2.9 KiB
Common Skill Utilities
This directory contains shared utilities used across multiple skills.
API Key Helper
api_key_helper.py provides standardized configuration for all Gemini-based skills, supporting both Google AI Studio and Vertex AI endpoints.
Usage in Skills
import sys
from pathlib import Path
# Add common directory to path
common_dir = Path(__file__).parent.parent.parent / 'common'
sys.path.insert(0, str(common_dir))
from api_key_helper import get_api_key_or_exit
# Get API key with automatic error handling
api_key = get_api_key_or_exit()
API Key Lookup Order
The helper checks for GEMINI_API_KEY in this order:
-
Process environment variable (recommended for development)

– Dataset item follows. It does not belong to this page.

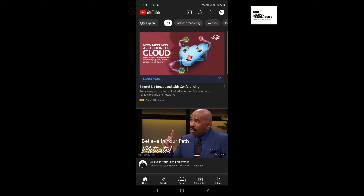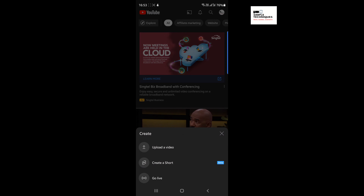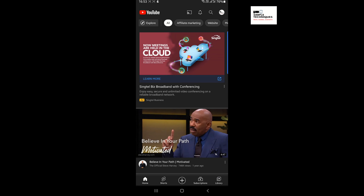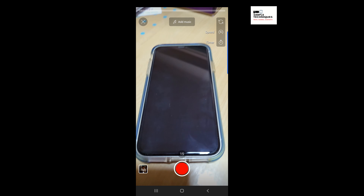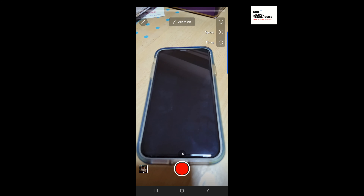Hi, this is Symbol Techniques. Just to share, you can change the duration of the YouTube Short. Just press and create a shot. Once you are in the Short, just tap the 15 seconds.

export GEMINI_API_KEY='your-api-key' -
Project root
.envfileecho 'GEMINI_API_KEY=your-api-key' > .env -
.claude/.env file
echo 'GEMINI_API_KEY=your-api-key' > .claude/.env -
.claude/skills/.env file (shared across all Gemini skills)

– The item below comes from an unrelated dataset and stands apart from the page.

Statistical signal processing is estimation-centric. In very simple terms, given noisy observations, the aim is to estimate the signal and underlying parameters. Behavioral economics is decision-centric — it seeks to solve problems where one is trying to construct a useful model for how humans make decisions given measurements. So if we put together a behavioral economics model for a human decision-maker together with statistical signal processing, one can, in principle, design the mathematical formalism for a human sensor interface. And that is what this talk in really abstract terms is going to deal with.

echo 'GEMINI_API_KEY=your-api-key' > .claude/skills/.env -
Skill directory
.envfileecho 'GEMINI_API_KEY=your-api-key' > .claude/skills/your-skill/.env
Vertex AI Support
To use Vertex AI instead of Google AI Studio:
# Enable Vertex AI
export GEMINI_USE_VERTEX=true
export VERTEX_PROJECT_ID=your-gcp-project-id
export VERTEX_LOCATION=us-central1 # Optional, defaults to us-central1
Or in .env file:
GEMINI_USE_VERTEX=true
VERTEX_PROJECT_ID=your-gcp-project-id
VERTEX_LOCATION=us-central1
Using get_client() Helper
For automatic client selection (AI Studio or Vertex AI):
from api_key_helper import get_client
# Get appropriate client based on configuration
client_info = get_client()
if client_info['type'] == 'vertex':
# Using Vertex AI
from vertexai.generative_models import GenerativeModel
model = GenerativeModel('gemini-2.5-flash')

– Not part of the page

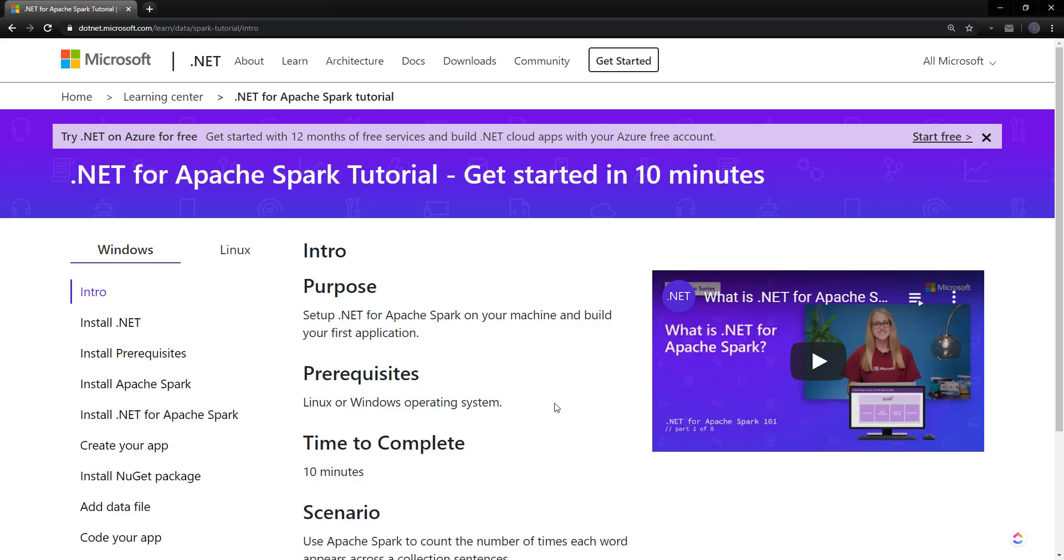Hey, everyone. Have you ever wanted to use Spark within your .NET applications for big data processing? Well, you may be surprised to know that you actually can do that. And in this video, I'll show how you can get started with a Spark.NET crash course.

response = model.generate_content("Hello")
else:
# Using AI Studio
client = client_info['client']
response = client.models.generate_content(
model='gemini-2.5-flash',
contents="Hello"
)
Using get_vertex_config() Helper
For checking Vertex AI configuration:
from api_key_helper import get_vertex_config
vertex_config = get_vertex_config()
if vertex_config['use_vertex']:
print(f"Using Vertex AI")
print(f"Project: {vertex_config['project_id']}")
print(f"Location: {vertex_config['location']}")
Error Handling
If the API key is not found, the helper will:
- Print a clear error message
- Show all available methods to set the API key
- Provide the URL to obtain an API key
- Exit with status code 1
For Vertex AI, if VERTEX_PROJECT_ID is missing when GEMINI_USE_VERTEX=true, the helper will provide clear instructions.
This ensures users get immediate, actionable feedback when configuration is missing.